The adventurers in my books took me to exciting places. “Why can’t I have a life of adventure and romance? It happens to others, why can’t it happen to me?” I would think. However, in my small world, I couldn’t imagine how I could ever make that happen. “Just an adolescent dream,” I thought.

So, the first of June three years later saw me walking down the aisle at age eighteen to marry Joe Dunton, the most popular, the most handsome guy at Polytechnic High School in Ft. Worth, Texas. He had graduated the year before. Courting had been sitting in the backyard swing at my house or maybe strolling half a mile to the ice cream store to watch the TVs in the hardware store window while we ate our ice cream. We hung out on weekend dates for a year. Nothing more. I graduated one week and married the next. No, I was not pregnant, just a naïve virgin. I was excited at the prospect of living out my life raising children and cooking and cleaning. Good lord! My grandiose dream was maybe owning a house someday and maybe even a car. But, OH MY, my life has been so much more. I have traveled and had wonderful adventures.
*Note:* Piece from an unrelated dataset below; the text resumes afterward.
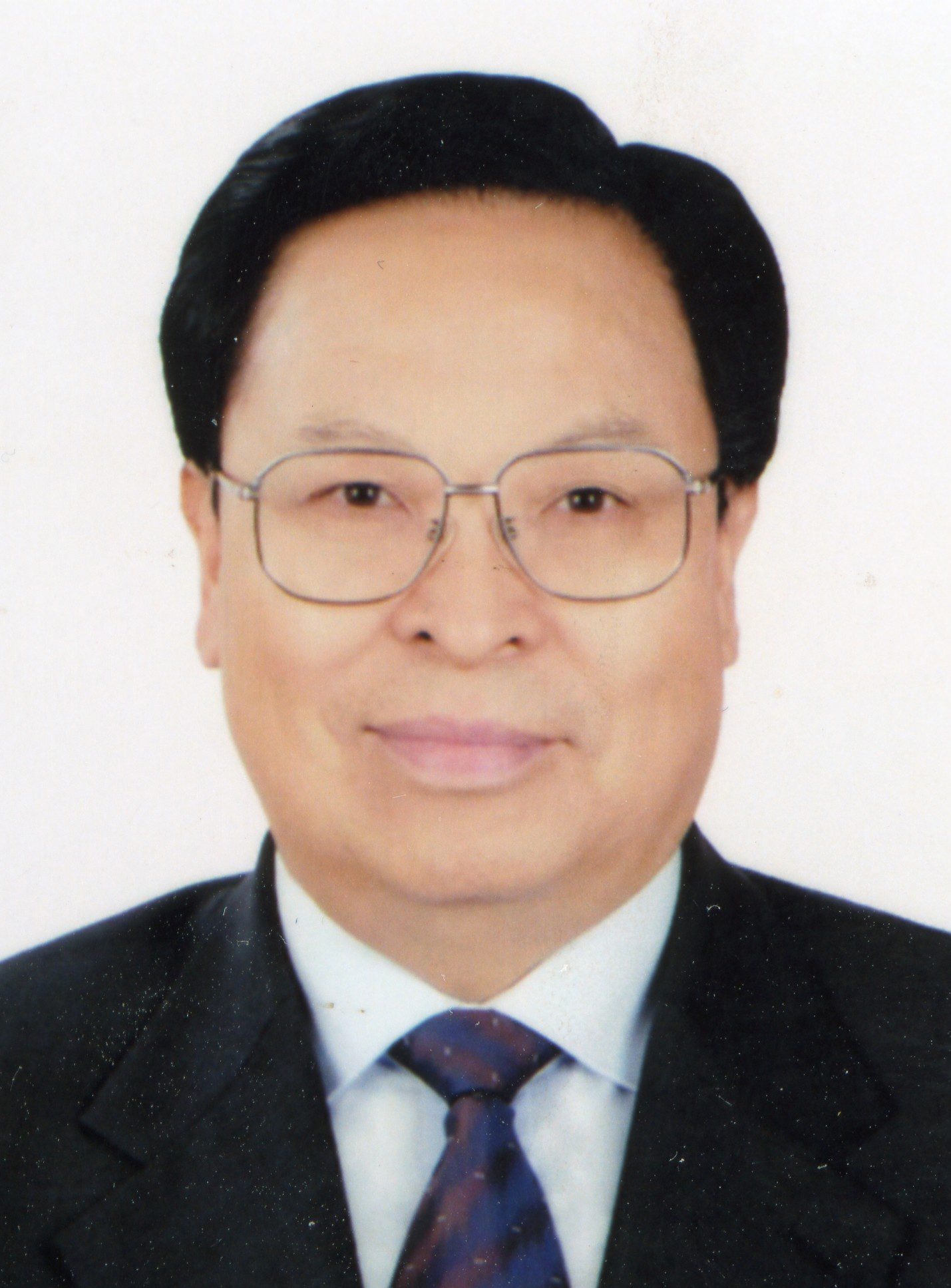 徐光春同志遗像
Did I set the stage for those things to come about with my youthful question, “Why not me?” I guess not since I had also dreamed of marring a cowboy and living on a big ranch raising horses, cows and thirteen kids and that never came to pass.

As excited as I was as I walked down that aisle (and not to a cowboy) there were those niggling thoughts, “What on earth am I doing? I don’t really know this person. Doesn’t matter, if it doesn’t work out, I’ll just walk away,” thus establishing a mind set for the rest of my life.

After twenty-five years of marriage and raising five children, I did walk away. I felt a hundred years old and a complete failure.

If there is one thing I had learned at that point in my life,

I didn’t know nearly as much as I thought I did.



Now, so many years later, here I sit in my beautiful home in Colorado reading a book about someone else’s adventures of course, and thinking about my own.